Hem hamamın yıkıldığını hem de Sacide Teyzenin, balkonunda saatlerce oturup vakit geçirdiği Dişçilerin İsmail amcaların evlerinin yıkıldığını görmek, tuhaf bir yokluk duygusuna sürükledi beni. Hamamın yıkılmasıyla Sıtkı Amcayı bir kez daha toprağa gömmüşüz gibi hissettim. İsmail Amcaların köşedeki evlerinin yokluk hali ise Sacide Teyzeyi, görümcesi Sevim Teyze ve annesi Emine Hanım teyzeyi eski canlı, sağlıklı duruşları, şen şakrak gülüş ve sözleriyle gözlerimin önüne bir hayal perdesi gibi getirdi.
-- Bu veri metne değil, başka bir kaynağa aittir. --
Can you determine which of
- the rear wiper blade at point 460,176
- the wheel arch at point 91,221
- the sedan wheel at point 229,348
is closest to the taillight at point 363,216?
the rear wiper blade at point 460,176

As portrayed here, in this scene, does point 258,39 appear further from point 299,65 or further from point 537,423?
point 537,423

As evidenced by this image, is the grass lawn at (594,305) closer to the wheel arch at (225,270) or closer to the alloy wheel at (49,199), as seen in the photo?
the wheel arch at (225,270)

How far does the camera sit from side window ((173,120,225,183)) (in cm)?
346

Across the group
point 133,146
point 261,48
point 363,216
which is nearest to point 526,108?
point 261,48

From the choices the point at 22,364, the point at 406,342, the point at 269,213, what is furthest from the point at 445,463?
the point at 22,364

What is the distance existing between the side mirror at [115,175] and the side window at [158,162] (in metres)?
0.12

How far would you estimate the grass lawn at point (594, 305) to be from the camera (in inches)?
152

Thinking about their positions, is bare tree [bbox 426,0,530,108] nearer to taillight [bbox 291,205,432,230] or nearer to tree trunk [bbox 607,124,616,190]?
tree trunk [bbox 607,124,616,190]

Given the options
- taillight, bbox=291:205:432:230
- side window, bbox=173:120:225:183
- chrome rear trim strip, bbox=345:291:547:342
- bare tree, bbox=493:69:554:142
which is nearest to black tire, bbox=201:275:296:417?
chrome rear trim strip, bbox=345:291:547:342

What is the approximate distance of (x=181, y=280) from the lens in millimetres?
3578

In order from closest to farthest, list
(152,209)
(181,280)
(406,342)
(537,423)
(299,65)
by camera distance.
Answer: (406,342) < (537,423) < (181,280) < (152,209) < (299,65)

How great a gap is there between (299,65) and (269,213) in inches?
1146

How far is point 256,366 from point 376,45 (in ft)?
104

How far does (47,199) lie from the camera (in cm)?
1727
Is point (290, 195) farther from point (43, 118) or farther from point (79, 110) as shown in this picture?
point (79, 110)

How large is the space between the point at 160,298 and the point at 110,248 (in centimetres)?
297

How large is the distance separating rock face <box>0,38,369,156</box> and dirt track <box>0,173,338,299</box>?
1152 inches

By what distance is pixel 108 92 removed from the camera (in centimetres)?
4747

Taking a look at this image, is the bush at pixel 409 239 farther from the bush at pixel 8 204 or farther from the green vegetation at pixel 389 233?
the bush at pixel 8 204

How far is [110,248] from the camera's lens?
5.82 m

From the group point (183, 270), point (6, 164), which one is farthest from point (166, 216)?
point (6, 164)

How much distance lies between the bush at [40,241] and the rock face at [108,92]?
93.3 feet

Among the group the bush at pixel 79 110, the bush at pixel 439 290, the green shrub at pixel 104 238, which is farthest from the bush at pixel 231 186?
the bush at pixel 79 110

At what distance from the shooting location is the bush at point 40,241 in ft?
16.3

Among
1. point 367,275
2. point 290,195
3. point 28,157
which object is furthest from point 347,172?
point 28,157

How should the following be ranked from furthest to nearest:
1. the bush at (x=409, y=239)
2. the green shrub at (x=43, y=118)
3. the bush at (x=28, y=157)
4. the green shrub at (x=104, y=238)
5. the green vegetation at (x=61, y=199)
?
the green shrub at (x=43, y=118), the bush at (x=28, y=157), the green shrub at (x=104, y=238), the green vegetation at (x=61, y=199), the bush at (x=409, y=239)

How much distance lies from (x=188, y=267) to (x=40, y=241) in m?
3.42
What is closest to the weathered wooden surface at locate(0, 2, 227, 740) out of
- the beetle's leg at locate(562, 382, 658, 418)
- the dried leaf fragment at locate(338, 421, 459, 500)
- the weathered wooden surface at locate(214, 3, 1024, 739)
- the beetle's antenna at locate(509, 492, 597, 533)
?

Sıtkı Amca, hayatının son yıllarını Gördes Hamamındaki bir odada geçirdi. Hali vakti yerindeyken işleri bozulmuş ve Gördes'e dönmüştü. Varlıklı zamanlarında hamamın yapılmasına destek olduğunu kendisi anlatırdı. Bize sık sık, hiç aklıma gelmezdi hamamın bir odasına sığınacağım, derdi. Onun, kızıma 'Gül kızım' diye hitabı ve sıcacık sesi, ailecek unutmayacağımız bir resimdir. Bayram sabahlarında kaç kez onunla birlikte kahvaltı yaptık. Hamam yıkılınca, Sıtkı amcanın ruhu incindi sanki, bir yerlerden yaralanıyor, darbe alıyor mazi. Bizler, binaların ve hatıraların kıymetini yeterince bilmiyoruz galiba.
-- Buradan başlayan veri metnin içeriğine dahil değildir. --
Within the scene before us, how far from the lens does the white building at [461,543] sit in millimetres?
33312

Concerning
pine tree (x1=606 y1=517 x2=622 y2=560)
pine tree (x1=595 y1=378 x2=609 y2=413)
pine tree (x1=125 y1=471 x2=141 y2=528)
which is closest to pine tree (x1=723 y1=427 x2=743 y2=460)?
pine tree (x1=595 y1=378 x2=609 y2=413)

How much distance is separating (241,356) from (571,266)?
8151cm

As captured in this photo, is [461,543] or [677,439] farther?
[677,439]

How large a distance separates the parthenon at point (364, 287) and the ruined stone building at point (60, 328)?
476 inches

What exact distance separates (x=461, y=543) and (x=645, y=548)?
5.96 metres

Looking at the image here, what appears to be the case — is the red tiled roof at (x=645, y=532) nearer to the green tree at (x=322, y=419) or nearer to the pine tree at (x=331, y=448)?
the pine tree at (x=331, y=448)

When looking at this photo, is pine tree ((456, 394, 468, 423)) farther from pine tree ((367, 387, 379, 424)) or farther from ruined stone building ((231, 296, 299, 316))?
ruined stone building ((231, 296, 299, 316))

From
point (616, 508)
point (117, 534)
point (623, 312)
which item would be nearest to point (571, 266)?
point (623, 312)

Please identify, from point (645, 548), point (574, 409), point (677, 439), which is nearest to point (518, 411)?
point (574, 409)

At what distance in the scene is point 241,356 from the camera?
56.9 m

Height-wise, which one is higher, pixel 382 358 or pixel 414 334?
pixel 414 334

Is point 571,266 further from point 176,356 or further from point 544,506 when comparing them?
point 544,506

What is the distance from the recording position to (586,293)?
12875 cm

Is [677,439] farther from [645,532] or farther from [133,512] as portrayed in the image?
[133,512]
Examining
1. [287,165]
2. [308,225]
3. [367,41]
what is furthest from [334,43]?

2013'te Polonya'ya 2014'te de Fransa'ya gitmiştim bilimsel toplantılar için. Gördüklerim karşısında hem takdir duygularını hem de hayreti aynı anda hissetmiştim. Varşova, tam bir Doğu Avrupa şehri; soğuk, sağlam ve konuklarına hemen kucak açmayan bir ev sahibi gibi. Dört yüz, beş yüz yıllık binalar yaşıyor orada. Hala muhkem, hala görkemliler. İkinci Dünya Savaşını bütün acımasızlığıyla yaşamış bir Varşova, savaşta yarı yıkılmış binalarını bile yerle bir etmemiş; onarmış her şeyi, nasıl bir geçmişe ve tarihe bağlılıksa.
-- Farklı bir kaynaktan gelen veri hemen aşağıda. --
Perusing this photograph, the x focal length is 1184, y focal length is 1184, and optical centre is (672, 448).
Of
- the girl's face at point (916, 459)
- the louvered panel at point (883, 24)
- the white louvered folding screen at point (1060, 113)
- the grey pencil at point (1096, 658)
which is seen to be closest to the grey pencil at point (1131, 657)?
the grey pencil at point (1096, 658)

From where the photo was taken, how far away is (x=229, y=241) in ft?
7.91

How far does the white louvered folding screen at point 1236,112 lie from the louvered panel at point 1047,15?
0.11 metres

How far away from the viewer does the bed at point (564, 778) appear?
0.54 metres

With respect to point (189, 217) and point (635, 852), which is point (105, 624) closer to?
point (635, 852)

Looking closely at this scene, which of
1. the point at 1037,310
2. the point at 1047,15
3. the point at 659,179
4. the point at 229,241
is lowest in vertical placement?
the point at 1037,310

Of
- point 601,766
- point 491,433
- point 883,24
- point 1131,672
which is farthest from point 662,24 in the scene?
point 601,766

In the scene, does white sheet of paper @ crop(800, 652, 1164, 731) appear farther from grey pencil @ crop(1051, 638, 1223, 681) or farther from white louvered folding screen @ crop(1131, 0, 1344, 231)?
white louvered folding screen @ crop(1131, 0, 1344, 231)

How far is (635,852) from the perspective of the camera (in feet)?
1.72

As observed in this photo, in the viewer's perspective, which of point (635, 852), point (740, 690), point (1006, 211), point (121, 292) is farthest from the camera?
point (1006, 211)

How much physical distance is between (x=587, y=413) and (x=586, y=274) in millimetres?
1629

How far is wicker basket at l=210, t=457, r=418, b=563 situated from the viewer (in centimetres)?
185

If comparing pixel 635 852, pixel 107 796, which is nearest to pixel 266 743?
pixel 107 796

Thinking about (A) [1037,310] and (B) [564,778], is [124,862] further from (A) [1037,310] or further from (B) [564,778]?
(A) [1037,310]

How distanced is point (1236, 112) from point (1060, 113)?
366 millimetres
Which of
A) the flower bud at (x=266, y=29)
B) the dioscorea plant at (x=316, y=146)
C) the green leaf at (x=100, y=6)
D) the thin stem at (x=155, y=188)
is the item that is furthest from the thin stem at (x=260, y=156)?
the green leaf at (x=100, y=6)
Paris ise bambaşka bir şehir; merkezlerde devasa gökdelenler, iş ve alış veriş merkezleri çok katlı, binalar birer füze gibi yükselmiş. Ama Şanzelize Caddesi hiç bozulmamış, Eyfel Kulesinin zemini hala toprak; betonlaştırmamışlar, karolarla, seramiklerle kapatmamışlar zemini. Evler iki üç katlı; Fransız balkonu denilen klasik dar balkonların önünde rengarenk çiçekler var. En çok da sardunyalar. Kimse eski binalarda oturuyoruz diye gocunmuyor; tarihi ve mimarisi ile yüzyılların hatıralarıyla içi içe yaşamaya devam ediyor.
Bizler, her şeyi yıkmaya ve yerlerine beton dikmeye çalışıyoruz. Şehir hafızası, şehir kültürü diye bir şey kalmaması için yarışıyoruz sanki. Sıtkı amca, Gördes'in bir değeriydi. Gördes Hamamı yıkılmasa, müze veya bir sanat ocağı gibi kullanılsaydı belki onun ömrünün son zamanlarını geçirdiği oda da korunabilir ve Gördes'in hafızası orada yaşamaya devam ederdi. Biz, betonların, tozun toprağın içindeyiz; şantiyedeyiz; siz orada mısınız Sıtkı Amca; İsmail Amca? Rahat mısınız?